13. Salary for work suspension
The employers and the employees are allowed to negotiate the salary for work suspension upon the occurence of incidents (without fault of either party) in which if the work suspension is up to 14 working days, the salary for work suspension shall not be lower than the minimum salary. In the circumstance where the work has been suspened for over 14 working days, the wage for work suspension shall be agreed by the two parties with the assurance that the first 14-day salary must not be lower than the minimum rate.
14. Working overtime
Increasing the maximum overtime working hours per month from 30 hours to 40 hours and supplementing some cases where the maximum overtime hours per year is 300 hours (due to weather, natural disater, fire, enemy-inflictes destruction, lack of electricity and power, technical problems of the production line, etc.).
15. National Day Leave
Increasing the fully paid day-off from 01 day to 02 days (the second day of September of the calendar year and an additonal immediately preceeding or following day).

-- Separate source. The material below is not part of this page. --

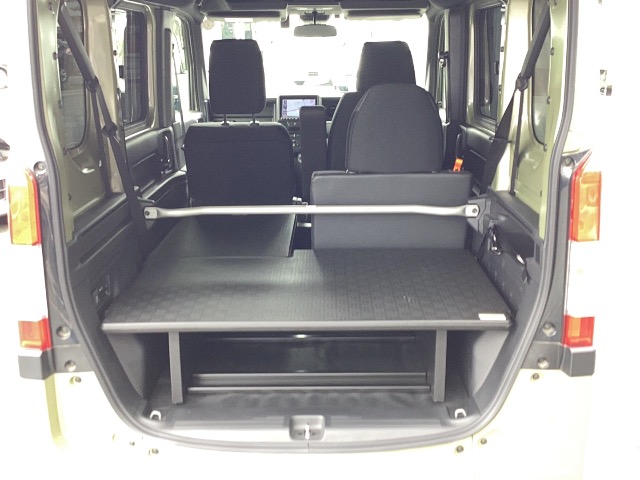 Honda N-VAN 9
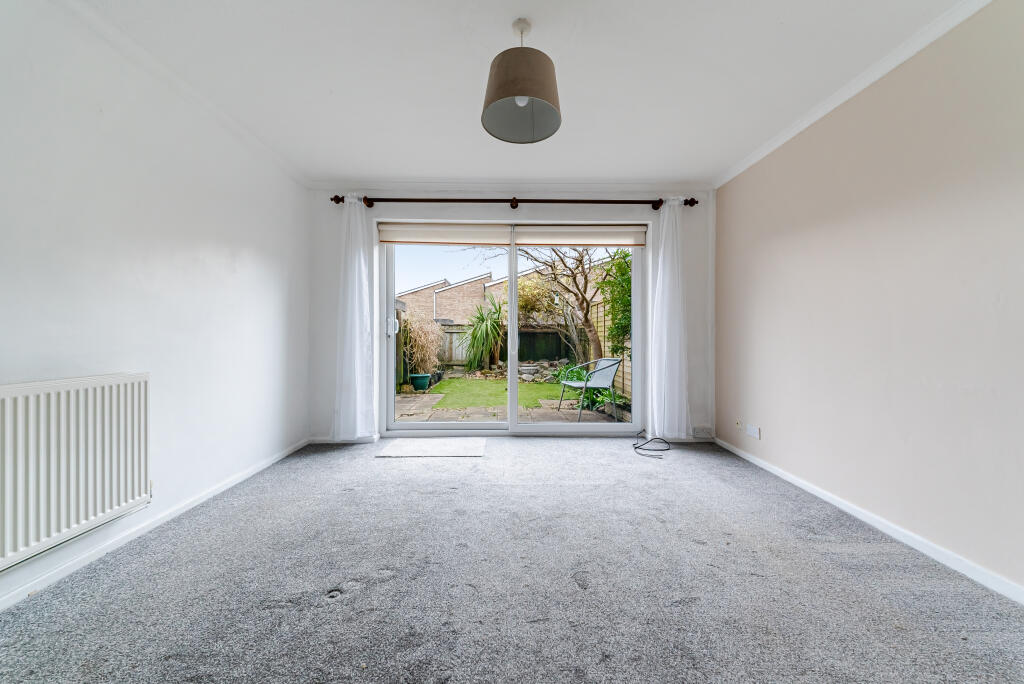 Dartmouth Close, Worle, BS22 photo 4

16. Internal Labor Regulations
The employers must issue an internal labor regulations, in cases where the employers employing 10 employees or more, they are obliged to have internal labor regulations in writing and to register it with the competent authority. Apart from the regulations as prescribed in the Labor Code 2012, the internal labor regulations must include provisions on prevention and fighting against sexual harassment at the workplace as well as the order and procedures for handling such misconduct at the workplace. Sexual harassment at the workplace is also supplemented as a basis for applying the discipline under the form of dismissal.
17. Age of retirement
The retirement age of the employees working in normal conditions has been adjusted according to the roadmap in which the retirement age may be increased until the male employees reach 62 years old in full by 2028 and the female employees reach 60 years old in full by 2035.
From the year of 2021, the retirement age of employees working in normal conditions is 60 years old and 03 months in full for male and 55 years old and 04 months in full for female; after that, the age of retirement will be annually increased by 03 months for male employees and 04 months for female employees.
Supplementing provisions on employers’ obligation to provide the employees with pay slip when making salary payment as well as to pay fees for account opening and maintenance in cases of paying via the employees’ bank accounts.
Removing regulation that salary scales and tables must be sent to the district-level state management agency on labor.
19. Foreign employees working in Vietnam
Foreign citizens who are owners or contributing members of limited liability companies, Chairman or members of the Board of Directors of joint-stock companies with a minimum capital contribution as per the Government’s regulations shall be exempted from work permit. Additionally, a foreign employee who is married to a Vietnamese citizen and lives within the territory of Vietnam shall also subject to work permit exemption.
Supplementing the regulation that work permit can only be extended once with the maximum term of 2 years. When recruiting foreign employees, the two parties are entitled to negotiate to execute several definite-term labor contracts.
20. Right to suddenly inspect of the labor inspectorate
When conducting a sudden inspection as per the decision of the competent authority in emergency circumstances threatening the safety, life, health, honor and/or dignity of the employees at the workplace, the labor inspectorate shall not need to inform on such inspection in advance.